One or more databases used for storing file chunks, according to an embodiment of the invention, could be divided into partitions. Each database partition would act as a logically independent database. Database partitions could be replicated on a number of nodes. Such replication could increase fault tolerance and decrease lookup times. A file chunk could be stored in one or more database partitions. According to some embodiments of the invention, each hash partition will contain a number of database partitions. A file chunk with a hash value related to the hash partition could be stored in one or more database partitions contained in the hash partition.

To locate a file chunk, a hash value associated with the file chunk could be calculated. The hash partition containing the hash value could be determined and a node responsible for that hash partition could be located. A lookup request could be sent to that node. The node could then determine if the requested file chunk exists in any of the database partitions within the hash partition. According to an embodiment of the invention, a filter could be applied to the hash value associated with the file chunk for each database partition to determine which database partitions could contain the file chunk.

According to some embodiments of the invention, a Bloom filter could be used to determine if a particular file chunk is in each database partition. A Bloom filter could be created for each database partition. The Bloom filters could be periodically created to capture file chunk removal. Additionally, the Bloom filters could be created as background processes. According to an embodiment of the invention, a Bloom filter could be defined by a number of hash functions. Each hash function could be applied to a particular file chunk. Locations in the filter identified by the corresponding hash values could be set to 1. A file chunk could then be determined to be in a database partition if all of the locations in the corresponding Bloom filter that are identified by the hash values related to the file chunk are set to 1. According to some embodiments, the database partitions that are identified as having the file chunk by the Bloom filters could be searched to verify that the file chunk is present. There could be a probability that a Bloom filter associated with a database partition indicates that a file chunk is contained in the database partition but that the file chunk is not actually in the database partition (i.e., a false positive). According to some embodiments of the invention, the Bloom filters could be created to give a particular bound on the probability that a false positive will occur. According to some embodiments of the invention, the Bloom filters for each of the database partitions associated with a particular hash partition could be applied to a particular file chunk at the same time (i.e., in parallel). Additionally, each Bloom filter could be stored on a number of nodes.
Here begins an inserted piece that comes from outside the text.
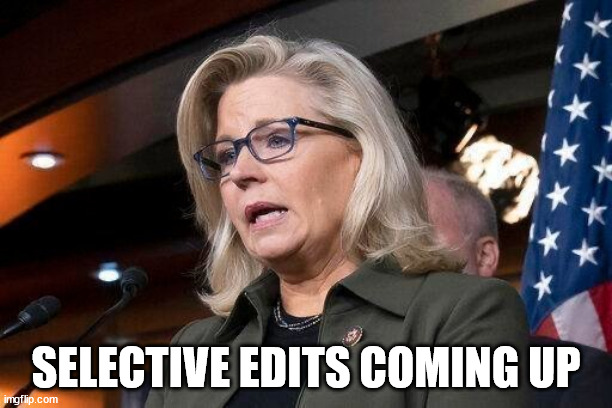 They're running out of time...  The majority of Amercians don't believe their lies... | SELECTIVE EDITS COMING UP | image tagged in liz cheney,government corruption | made w/ Imgflip meme maker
An embodiment of the invention is directed to locating a file chunk in a distributed database. A hash partition containing a hash of the content of the file chunk is determined. A node hosting the hash partition is determined. A list of database partitions containing the file chunk is requested from the node. A list of database partitions is received.
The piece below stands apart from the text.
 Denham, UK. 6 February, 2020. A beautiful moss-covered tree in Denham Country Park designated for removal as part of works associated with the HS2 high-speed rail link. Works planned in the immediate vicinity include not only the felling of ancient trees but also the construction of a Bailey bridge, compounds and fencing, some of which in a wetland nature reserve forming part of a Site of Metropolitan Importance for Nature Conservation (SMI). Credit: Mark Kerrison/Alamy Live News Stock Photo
Another embodiment is directed to locating a file chunk in a distributed database. A request for a list of database partitions containing the file chunk is received. A number of filters is applied to a hash related to the file chunk. Each of the filters is related to a particular database partition. A list of database partitions containing the file chunk is determined based on the application of the filters. A message is sent that replies to the request. The message contains the list of database partitions containing the file chunk.

A further embodiment is directed to locating a file chunk in a distributed database. A request for a list of database partitions containing the file chunk is received. The request includes a hash related to the file chunk. Each of a number of Bloom filters is applied to the hash. The Bloom filters are associated with particular database partitions. Based on the application of the Bloom filters, a list of database partitions containing the file chunk with a certain probability is determined. The request is replied to with a message containing the list of database partitions.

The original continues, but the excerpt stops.